Nancy Cohen, Coming Through, 2021(Artist Website, Instagram)
Paper pulp and handmade paper, 87 x 79”

Near the seabed
of my sea realm,

a jade bracelet slips
off in the depths.


Desire is not
a handcuff.

In between Seoul
and America,

I was surfacing—air
bubbles,

disappearing.
Before a not

exactly
benevolent

captor claimed my kiss
erased one's

memory—
the warped problem

was only his. His son
jerked

at my curving
in a hotel pool

in his game
called Shark.

The captor insisted
I take his last name.

Red clay
and sea stars—

my psychic
materials

rebelled
against a dense

lure.

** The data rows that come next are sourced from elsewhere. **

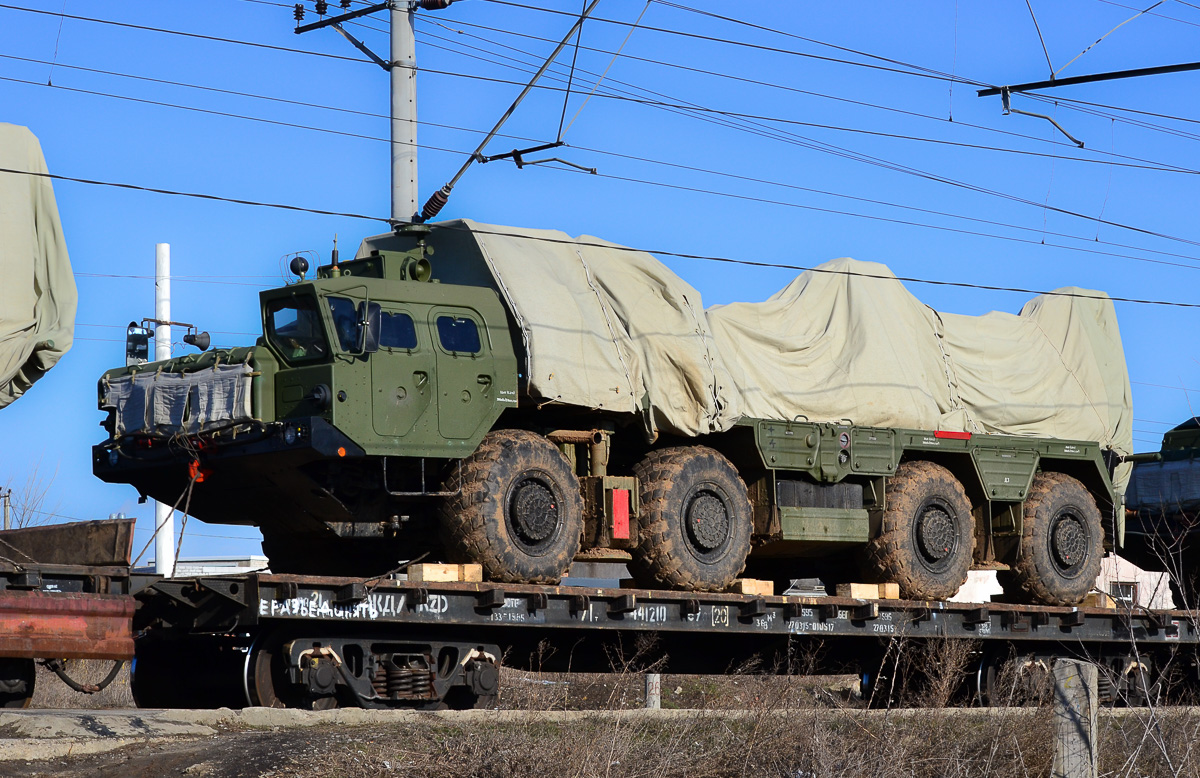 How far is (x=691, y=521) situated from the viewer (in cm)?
1598

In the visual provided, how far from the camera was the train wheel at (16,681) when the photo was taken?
12.1 meters

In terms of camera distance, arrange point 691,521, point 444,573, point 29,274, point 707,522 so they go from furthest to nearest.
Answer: point 707,522 < point 691,521 < point 444,573 < point 29,274

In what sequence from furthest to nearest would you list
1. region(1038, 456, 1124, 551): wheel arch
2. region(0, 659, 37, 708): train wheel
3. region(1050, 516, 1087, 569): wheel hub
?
region(1038, 456, 1124, 551): wheel arch
region(1050, 516, 1087, 569): wheel hub
region(0, 659, 37, 708): train wheel

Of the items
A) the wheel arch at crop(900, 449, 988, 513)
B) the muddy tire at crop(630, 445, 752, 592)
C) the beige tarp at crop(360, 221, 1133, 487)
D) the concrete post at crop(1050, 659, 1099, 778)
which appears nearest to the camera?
the concrete post at crop(1050, 659, 1099, 778)

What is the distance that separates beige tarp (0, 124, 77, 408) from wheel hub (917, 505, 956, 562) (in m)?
10.2

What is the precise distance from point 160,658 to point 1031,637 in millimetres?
9955

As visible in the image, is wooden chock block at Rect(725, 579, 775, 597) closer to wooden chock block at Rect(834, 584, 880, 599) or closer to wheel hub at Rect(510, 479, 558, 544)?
wooden chock block at Rect(834, 584, 880, 599)

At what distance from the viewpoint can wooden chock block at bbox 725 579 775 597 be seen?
658 inches

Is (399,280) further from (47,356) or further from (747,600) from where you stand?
(747,600)

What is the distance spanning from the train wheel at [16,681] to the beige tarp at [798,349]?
515 cm

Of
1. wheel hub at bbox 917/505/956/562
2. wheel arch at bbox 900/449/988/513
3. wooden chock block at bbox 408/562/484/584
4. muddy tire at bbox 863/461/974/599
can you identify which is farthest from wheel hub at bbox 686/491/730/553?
wheel arch at bbox 900/449/988/513

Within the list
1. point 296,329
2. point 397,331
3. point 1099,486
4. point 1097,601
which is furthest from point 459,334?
point 1097,601

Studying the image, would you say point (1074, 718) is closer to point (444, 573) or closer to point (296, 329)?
point (444, 573)

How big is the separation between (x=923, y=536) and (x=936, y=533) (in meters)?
0.23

The captor
disclosed he

would like to end
with heroin

and that my teenage
skin would never

be more attractive.
His smoke clung.

Then, I did not
come closer.

I swam, a swift
pink blush, towards

my unharmed
underwater

sounds—a gap unblurred
in the rains of

edible figs.
 

Bo Hee Moon


Note: This poem includes and alters language that appears in the chapter “Legend Sea: of the Mermaids Blue in South Korean folklore and popular culture” by Sarah Keith and Sung-Ae Lee, appearing in Scaled for Success: The Internationalisation of the Mermaid, principally authored and edited by Philip Hayward.